**Your objective**.
Although the data holds pictures, return only the lines from the one containing "Our Dve Aster abito lungo verde pista cotone" to the end, exactly, and without them.

**Provided material**.
"""
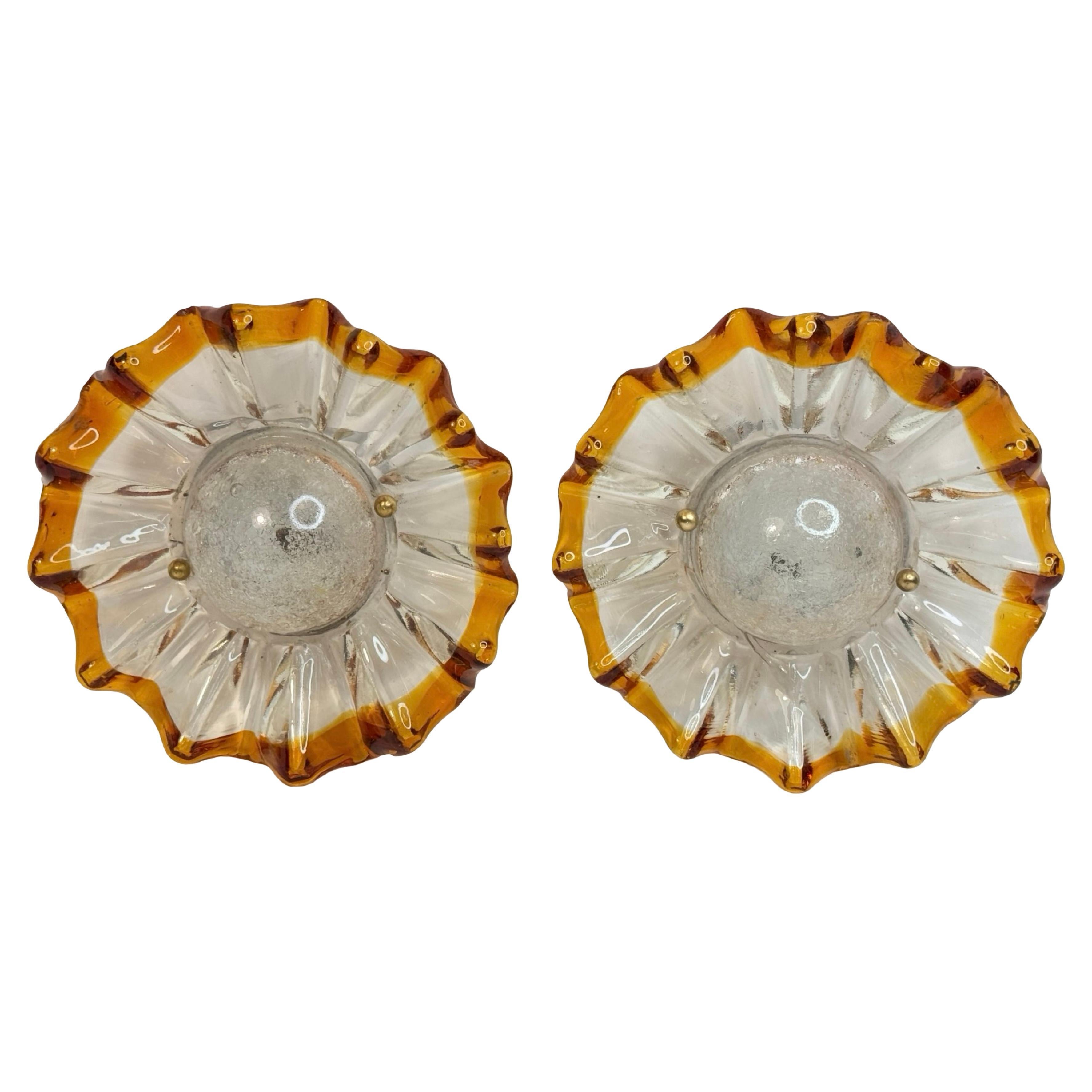 Pair of Murano Starburst Glass & Chrome Sconces Mid-Century Modern Italy Mazzega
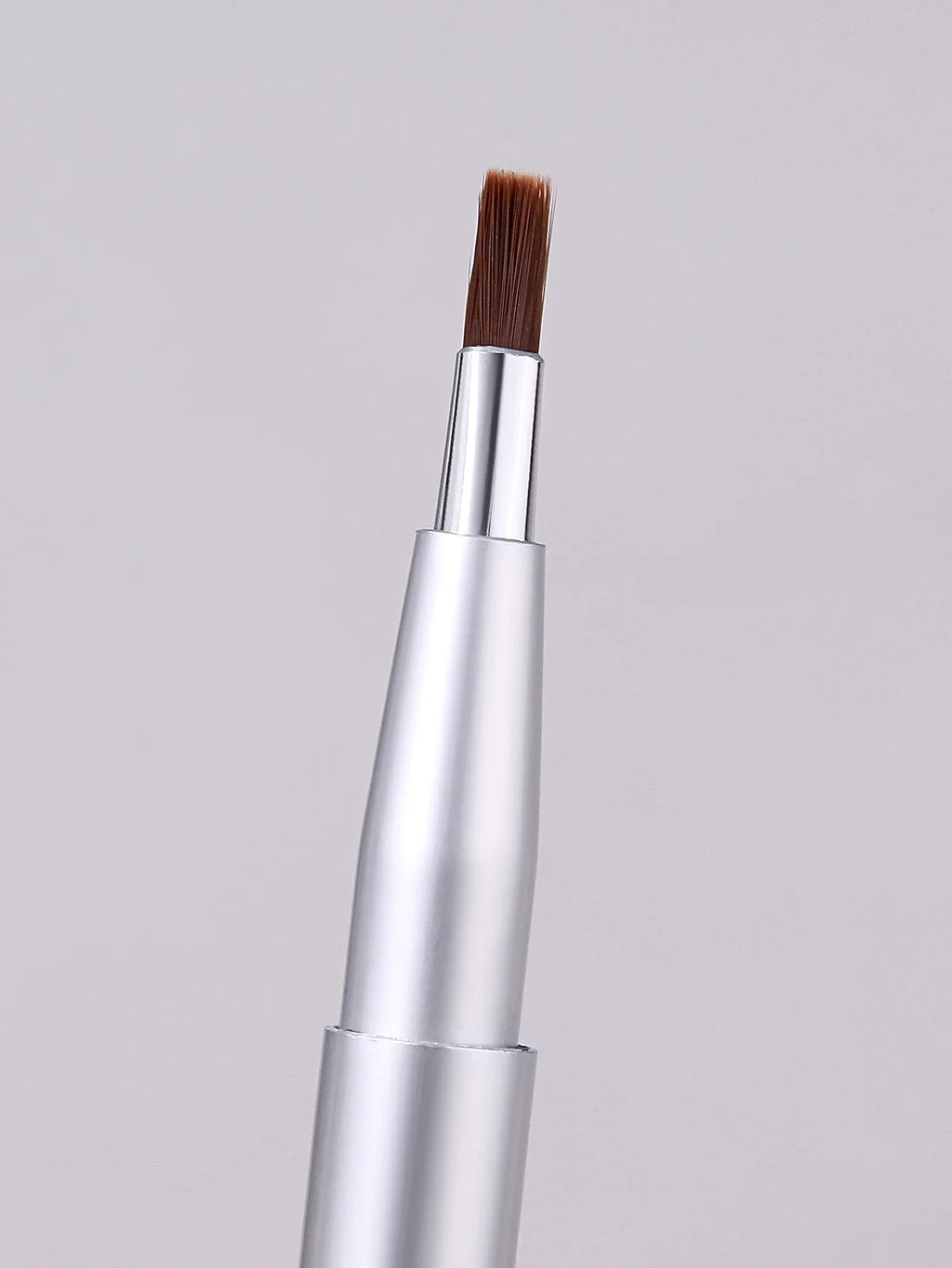 3-Pack Retractable Lip Brush Set | Silver Metal Travel Makeup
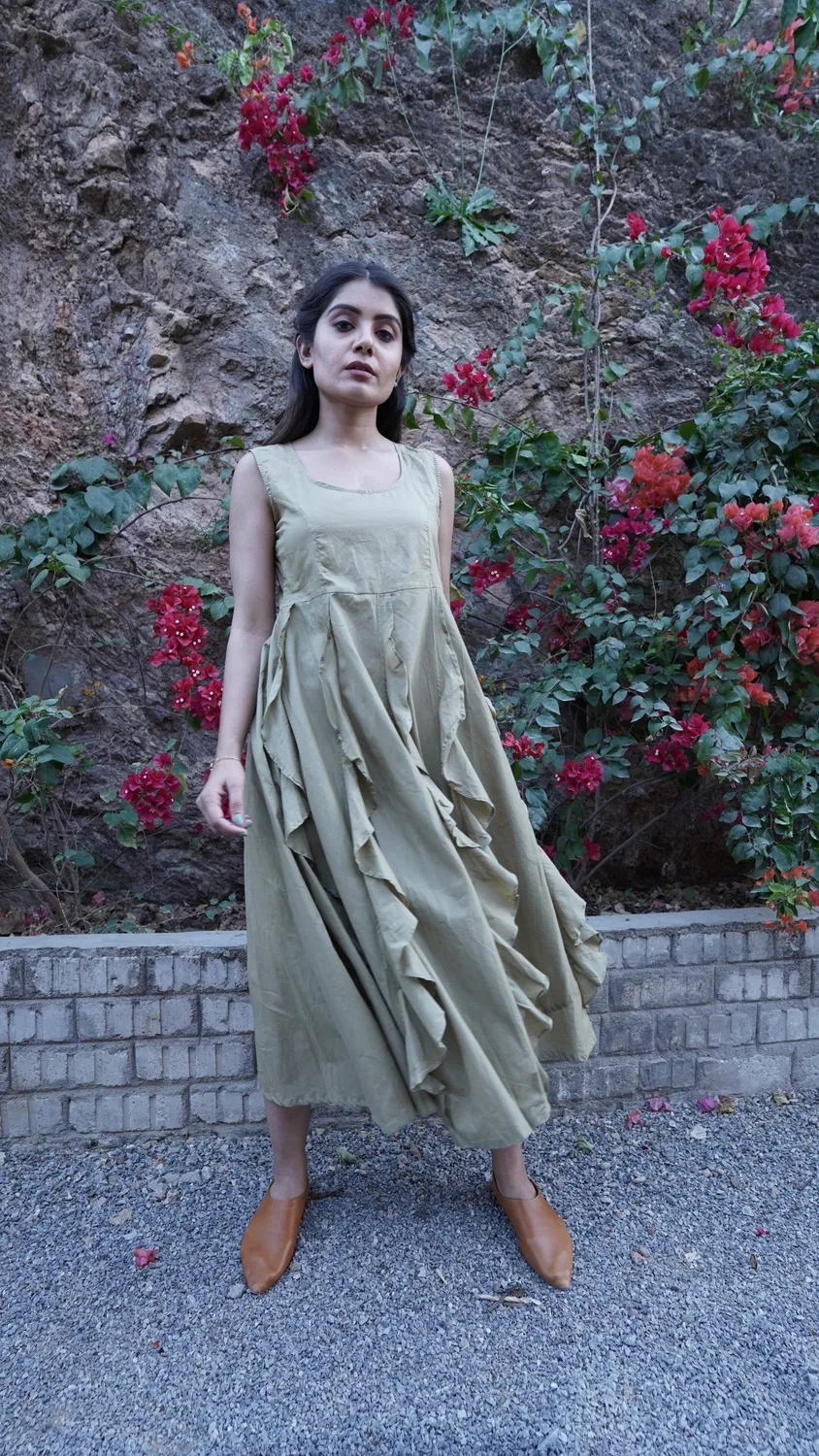 Our Dve Aster abito lungo verde pista cotone
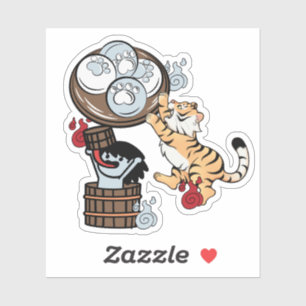 Sticker Tigre Kawaii, Akaname Yokai & Paw Dim Sum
"""
**The answer**.
 Our Dve Aster abito lungo verde pista cotone
 Sticker Tigre Kawaii, Akaname Yokai & Paw Dim Sum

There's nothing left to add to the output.